Toge romaine du temps où on achetait pas 4 t shirts à la fois (reconstitution romaine à Bliesbruck août 2018)

Les soldes d’été démarrent. Après la déferlante de consommation se pose la question de la gestion des invendus. Gaspillage, recyclage, NEON a voulu comprendre où en est la fast fashion, cette tendance qui pousse les marques de prêt-à-porter à renouveler sans cesse leurs collections.
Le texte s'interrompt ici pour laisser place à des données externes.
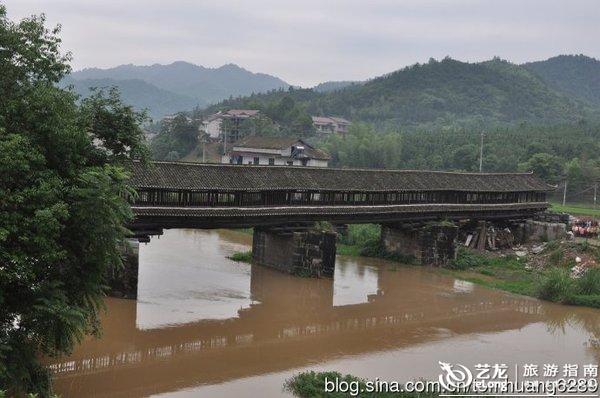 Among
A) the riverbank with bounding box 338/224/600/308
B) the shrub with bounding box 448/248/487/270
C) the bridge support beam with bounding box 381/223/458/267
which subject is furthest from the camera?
the shrub with bounding box 448/248/487/270

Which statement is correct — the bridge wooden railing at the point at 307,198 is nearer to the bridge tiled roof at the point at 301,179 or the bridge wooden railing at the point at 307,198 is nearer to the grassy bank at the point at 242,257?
the bridge tiled roof at the point at 301,179

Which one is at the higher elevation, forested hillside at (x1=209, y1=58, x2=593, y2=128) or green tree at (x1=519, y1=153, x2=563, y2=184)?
forested hillside at (x1=209, y1=58, x2=593, y2=128)

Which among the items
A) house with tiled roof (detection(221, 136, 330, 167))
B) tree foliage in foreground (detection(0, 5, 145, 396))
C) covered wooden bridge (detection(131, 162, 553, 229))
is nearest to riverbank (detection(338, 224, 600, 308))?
covered wooden bridge (detection(131, 162, 553, 229))

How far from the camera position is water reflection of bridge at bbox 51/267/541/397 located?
20.0m

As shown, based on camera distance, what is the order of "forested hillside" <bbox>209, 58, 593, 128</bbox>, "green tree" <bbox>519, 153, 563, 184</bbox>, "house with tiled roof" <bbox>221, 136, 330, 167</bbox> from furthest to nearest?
"forested hillside" <bbox>209, 58, 593, 128</bbox>
"house with tiled roof" <bbox>221, 136, 330, 167</bbox>
"green tree" <bbox>519, 153, 563, 184</bbox>

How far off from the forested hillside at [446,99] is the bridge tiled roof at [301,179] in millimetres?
85696

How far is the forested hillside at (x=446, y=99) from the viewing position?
13725 cm

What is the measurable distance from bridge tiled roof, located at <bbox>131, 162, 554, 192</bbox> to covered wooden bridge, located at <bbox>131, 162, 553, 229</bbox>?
5 cm

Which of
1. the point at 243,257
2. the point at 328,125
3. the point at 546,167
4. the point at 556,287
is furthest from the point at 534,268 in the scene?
the point at 328,125

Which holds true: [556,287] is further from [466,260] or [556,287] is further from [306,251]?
[306,251]

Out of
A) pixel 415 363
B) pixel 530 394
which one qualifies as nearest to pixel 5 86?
pixel 415 363

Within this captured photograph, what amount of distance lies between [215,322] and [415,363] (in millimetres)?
7701

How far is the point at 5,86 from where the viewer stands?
17156 millimetres

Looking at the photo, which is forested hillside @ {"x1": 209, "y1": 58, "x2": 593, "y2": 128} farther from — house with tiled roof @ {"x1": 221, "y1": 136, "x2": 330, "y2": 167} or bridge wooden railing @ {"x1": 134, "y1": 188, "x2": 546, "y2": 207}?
bridge wooden railing @ {"x1": 134, "y1": 188, "x2": 546, "y2": 207} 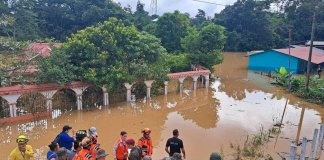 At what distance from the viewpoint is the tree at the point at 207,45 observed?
2461 centimetres

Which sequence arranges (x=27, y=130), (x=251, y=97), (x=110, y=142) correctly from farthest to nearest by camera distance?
(x=251, y=97), (x=27, y=130), (x=110, y=142)

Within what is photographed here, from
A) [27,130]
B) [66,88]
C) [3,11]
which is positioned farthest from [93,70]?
[3,11]

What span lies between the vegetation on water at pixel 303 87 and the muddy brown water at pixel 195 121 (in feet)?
2.69

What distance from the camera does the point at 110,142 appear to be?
41.1 ft

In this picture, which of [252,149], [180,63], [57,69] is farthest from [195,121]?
[180,63]

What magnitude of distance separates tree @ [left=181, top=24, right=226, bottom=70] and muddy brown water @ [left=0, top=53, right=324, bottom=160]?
3317mm

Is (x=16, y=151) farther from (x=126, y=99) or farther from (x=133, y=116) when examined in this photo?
(x=126, y=99)

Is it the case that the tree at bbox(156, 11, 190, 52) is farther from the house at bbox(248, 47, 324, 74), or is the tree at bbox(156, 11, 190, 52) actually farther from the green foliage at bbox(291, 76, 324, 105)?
the green foliage at bbox(291, 76, 324, 105)

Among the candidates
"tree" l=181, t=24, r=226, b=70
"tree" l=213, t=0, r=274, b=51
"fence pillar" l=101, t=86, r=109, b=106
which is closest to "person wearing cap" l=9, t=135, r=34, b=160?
"fence pillar" l=101, t=86, r=109, b=106

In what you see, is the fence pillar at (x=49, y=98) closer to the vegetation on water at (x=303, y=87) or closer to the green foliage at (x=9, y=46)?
the green foliage at (x=9, y=46)

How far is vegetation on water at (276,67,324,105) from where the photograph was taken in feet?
65.5

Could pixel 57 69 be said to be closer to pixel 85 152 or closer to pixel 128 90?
pixel 128 90

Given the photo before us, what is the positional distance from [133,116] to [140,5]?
37946 millimetres

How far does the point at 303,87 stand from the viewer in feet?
71.4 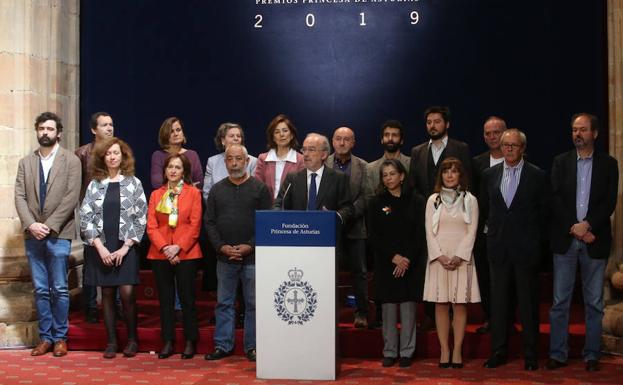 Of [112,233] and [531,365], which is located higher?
[112,233]

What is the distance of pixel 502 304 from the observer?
6.24 m

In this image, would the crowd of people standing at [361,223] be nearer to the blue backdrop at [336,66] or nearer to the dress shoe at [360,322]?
the dress shoe at [360,322]

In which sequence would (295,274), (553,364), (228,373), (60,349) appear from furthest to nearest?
(60,349), (553,364), (228,373), (295,274)

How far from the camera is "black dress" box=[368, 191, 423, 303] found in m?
6.23

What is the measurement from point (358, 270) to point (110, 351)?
6.24ft

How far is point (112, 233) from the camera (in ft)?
21.8

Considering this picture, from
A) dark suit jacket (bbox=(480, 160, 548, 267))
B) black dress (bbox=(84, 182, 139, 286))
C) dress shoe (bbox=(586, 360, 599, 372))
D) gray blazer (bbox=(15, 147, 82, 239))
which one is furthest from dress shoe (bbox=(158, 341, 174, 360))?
dress shoe (bbox=(586, 360, 599, 372))

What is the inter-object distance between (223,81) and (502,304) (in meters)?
3.83

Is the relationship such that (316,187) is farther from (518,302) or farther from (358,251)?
(518,302)

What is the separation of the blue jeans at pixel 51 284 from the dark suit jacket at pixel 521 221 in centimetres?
316

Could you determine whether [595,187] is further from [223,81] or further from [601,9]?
[223,81]

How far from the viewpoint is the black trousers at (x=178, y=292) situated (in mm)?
6590

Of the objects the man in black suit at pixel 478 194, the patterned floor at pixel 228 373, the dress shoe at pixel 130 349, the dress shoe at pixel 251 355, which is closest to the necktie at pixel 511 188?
the man in black suit at pixel 478 194

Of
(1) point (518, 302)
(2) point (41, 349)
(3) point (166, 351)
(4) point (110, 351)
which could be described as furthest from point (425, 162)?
(2) point (41, 349) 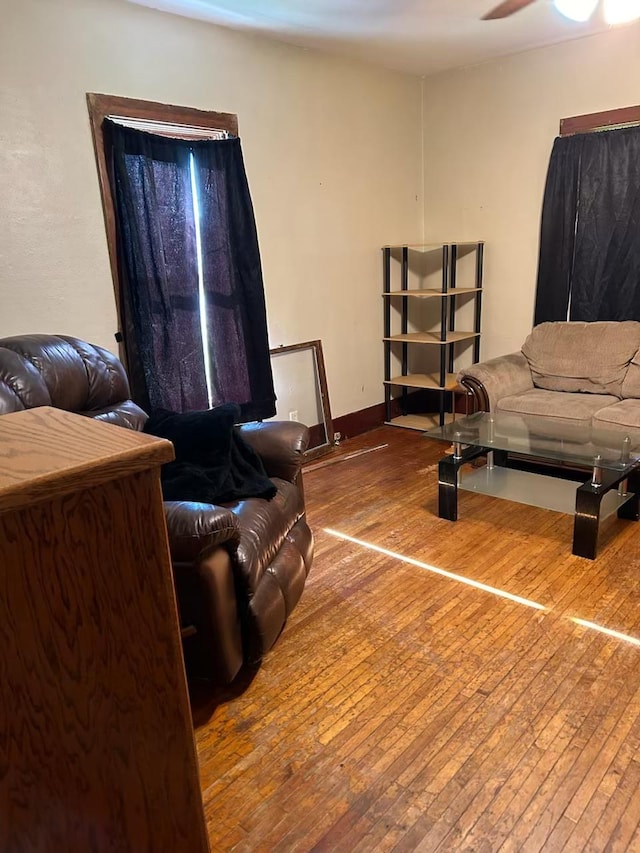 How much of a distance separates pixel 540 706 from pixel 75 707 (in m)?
1.56

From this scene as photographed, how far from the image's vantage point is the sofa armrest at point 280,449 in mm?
2498

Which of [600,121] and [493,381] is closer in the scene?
[493,381]

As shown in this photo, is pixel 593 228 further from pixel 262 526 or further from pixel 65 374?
pixel 65 374

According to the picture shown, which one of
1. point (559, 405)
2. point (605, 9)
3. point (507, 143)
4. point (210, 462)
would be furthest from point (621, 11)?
point (210, 462)

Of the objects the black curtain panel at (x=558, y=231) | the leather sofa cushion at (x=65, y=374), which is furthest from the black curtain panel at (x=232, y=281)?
the black curtain panel at (x=558, y=231)

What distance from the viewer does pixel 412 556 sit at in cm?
278

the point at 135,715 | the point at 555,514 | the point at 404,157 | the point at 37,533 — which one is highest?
the point at 404,157

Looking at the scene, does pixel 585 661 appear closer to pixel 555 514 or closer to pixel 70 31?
pixel 555 514

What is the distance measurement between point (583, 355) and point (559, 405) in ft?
1.68

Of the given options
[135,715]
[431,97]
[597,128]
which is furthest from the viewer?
[431,97]

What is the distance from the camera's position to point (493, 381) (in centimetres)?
375

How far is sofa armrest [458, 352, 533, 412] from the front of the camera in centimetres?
371

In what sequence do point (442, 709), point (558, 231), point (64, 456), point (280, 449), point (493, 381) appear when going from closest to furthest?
point (64, 456) < point (442, 709) < point (280, 449) < point (493, 381) < point (558, 231)

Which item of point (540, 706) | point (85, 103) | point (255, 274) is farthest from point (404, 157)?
point (540, 706) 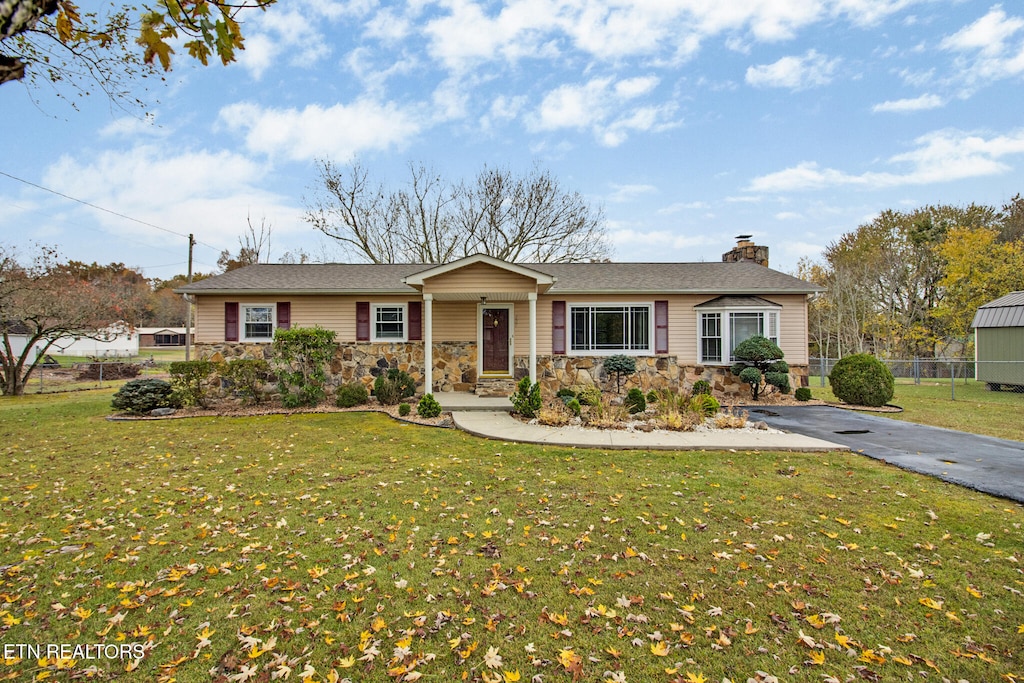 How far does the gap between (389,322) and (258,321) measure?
3.65 metres

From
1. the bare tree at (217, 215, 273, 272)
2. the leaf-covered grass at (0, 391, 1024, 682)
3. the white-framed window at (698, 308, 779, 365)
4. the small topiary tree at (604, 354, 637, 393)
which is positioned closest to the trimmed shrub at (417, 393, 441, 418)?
the leaf-covered grass at (0, 391, 1024, 682)

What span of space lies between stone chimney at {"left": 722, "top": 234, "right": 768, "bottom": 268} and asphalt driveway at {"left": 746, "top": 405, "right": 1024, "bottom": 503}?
255 inches

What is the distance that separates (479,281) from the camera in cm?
1094

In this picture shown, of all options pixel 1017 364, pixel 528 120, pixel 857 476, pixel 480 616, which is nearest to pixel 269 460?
pixel 480 616

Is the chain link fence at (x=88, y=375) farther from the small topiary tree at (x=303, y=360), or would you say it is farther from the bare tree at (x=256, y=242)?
the small topiary tree at (x=303, y=360)

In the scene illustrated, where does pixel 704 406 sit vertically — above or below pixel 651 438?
above

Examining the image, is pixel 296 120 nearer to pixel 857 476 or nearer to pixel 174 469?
pixel 174 469

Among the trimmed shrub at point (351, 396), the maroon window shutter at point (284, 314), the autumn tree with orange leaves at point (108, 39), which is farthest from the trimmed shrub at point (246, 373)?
the autumn tree with orange leaves at point (108, 39)

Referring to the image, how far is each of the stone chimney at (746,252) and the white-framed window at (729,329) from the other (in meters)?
3.36

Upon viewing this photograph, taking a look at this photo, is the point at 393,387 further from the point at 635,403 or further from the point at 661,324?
the point at 661,324

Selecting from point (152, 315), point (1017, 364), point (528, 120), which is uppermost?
point (528, 120)

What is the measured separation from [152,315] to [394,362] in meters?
54.2

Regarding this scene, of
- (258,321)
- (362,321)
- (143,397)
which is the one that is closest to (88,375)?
(143,397)

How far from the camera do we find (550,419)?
8891mm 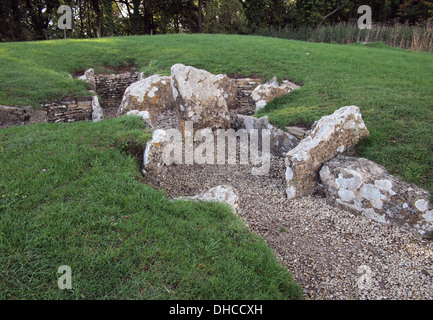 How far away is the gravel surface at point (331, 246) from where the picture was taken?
3.46m

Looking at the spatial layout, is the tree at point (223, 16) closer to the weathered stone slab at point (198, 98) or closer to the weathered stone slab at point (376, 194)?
the weathered stone slab at point (198, 98)

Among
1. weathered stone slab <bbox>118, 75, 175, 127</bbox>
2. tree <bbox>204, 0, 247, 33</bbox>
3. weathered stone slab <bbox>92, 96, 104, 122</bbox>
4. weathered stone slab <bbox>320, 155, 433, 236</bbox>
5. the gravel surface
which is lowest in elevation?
the gravel surface

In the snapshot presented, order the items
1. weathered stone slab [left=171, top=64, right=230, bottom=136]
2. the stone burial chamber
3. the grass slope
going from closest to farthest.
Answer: the stone burial chamber, the grass slope, weathered stone slab [left=171, top=64, right=230, bottom=136]

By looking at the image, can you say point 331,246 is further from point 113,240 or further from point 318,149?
point 113,240

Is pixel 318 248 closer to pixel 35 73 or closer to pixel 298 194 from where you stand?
pixel 298 194

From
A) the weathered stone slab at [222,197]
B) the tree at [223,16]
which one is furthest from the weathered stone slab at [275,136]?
the tree at [223,16]

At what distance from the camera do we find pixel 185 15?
3011 cm

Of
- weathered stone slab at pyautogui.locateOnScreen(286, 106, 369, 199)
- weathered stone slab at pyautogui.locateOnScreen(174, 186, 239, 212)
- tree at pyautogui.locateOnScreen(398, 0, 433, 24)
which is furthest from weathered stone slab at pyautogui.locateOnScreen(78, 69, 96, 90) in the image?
tree at pyautogui.locateOnScreen(398, 0, 433, 24)

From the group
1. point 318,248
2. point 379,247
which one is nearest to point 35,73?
point 318,248

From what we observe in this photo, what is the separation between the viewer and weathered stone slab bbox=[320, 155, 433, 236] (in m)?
4.29

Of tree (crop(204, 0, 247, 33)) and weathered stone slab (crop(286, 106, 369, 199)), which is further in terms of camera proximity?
tree (crop(204, 0, 247, 33))

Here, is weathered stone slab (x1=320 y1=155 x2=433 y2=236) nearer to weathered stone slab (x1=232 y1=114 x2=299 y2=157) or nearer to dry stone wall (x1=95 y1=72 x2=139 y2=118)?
weathered stone slab (x1=232 y1=114 x2=299 y2=157)

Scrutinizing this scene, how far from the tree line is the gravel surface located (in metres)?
22.8

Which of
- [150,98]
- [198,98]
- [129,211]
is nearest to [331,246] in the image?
[129,211] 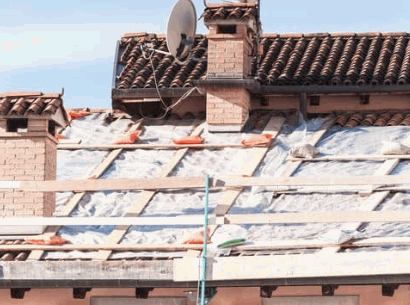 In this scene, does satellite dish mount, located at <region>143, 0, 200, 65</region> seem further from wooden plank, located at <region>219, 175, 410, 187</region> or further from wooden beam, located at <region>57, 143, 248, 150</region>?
wooden plank, located at <region>219, 175, 410, 187</region>

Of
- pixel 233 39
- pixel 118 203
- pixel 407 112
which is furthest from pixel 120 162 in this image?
pixel 407 112

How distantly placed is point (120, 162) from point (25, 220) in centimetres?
381

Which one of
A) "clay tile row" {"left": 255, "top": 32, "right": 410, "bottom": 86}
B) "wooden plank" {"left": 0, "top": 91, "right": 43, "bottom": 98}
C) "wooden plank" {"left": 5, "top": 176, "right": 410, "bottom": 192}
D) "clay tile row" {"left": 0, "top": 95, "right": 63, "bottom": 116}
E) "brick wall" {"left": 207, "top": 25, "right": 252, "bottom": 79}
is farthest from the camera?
"clay tile row" {"left": 255, "top": 32, "right": 410, "bottom": 86}

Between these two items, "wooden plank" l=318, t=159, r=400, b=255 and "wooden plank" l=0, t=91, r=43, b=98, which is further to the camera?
"wooden plank" l=0, t=91, r=43, b=98

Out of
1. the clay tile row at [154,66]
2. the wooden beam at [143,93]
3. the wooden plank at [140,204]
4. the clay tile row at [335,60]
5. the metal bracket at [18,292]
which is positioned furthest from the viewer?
the clay tile row at [154,66]

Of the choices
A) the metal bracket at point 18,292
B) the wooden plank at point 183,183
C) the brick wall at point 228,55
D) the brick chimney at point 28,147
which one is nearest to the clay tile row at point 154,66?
the brick wall at point 228,55

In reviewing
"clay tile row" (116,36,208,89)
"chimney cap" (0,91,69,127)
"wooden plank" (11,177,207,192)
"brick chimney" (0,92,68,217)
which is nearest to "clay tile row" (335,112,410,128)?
"clay tile row" (116,36,208,89)

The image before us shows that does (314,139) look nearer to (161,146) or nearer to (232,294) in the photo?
(161,146)

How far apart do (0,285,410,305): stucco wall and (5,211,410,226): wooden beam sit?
46.1 inches

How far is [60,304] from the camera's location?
23.0 metres

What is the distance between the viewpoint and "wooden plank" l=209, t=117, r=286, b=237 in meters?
23.5

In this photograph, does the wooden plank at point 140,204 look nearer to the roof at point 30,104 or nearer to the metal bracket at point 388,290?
the roof at point 30,104

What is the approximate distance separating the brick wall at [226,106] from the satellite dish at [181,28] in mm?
1029

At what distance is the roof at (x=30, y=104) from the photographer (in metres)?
25.0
Aujourd’hui, « les gens achètent deux fois plus de vêtements qu’il y a quinze ans, mais les portent deux fois moins », dénonce Lu Yen Roloff, à l’origine de la campagne Detox My Fashion de Greenpeace. On assiste à une course infernale aux prix bas, avec un rythme de promotions qui ne ralentit plus. En 2002, on soldait pour un milliard de dollars de vêtements ; en 2015, on arrivait pratiquement au double, selon les chiffres de l’ONG. Et aujourd’hui, on estime à plus de 40% les vêtements qui sont vendus à prix cassés.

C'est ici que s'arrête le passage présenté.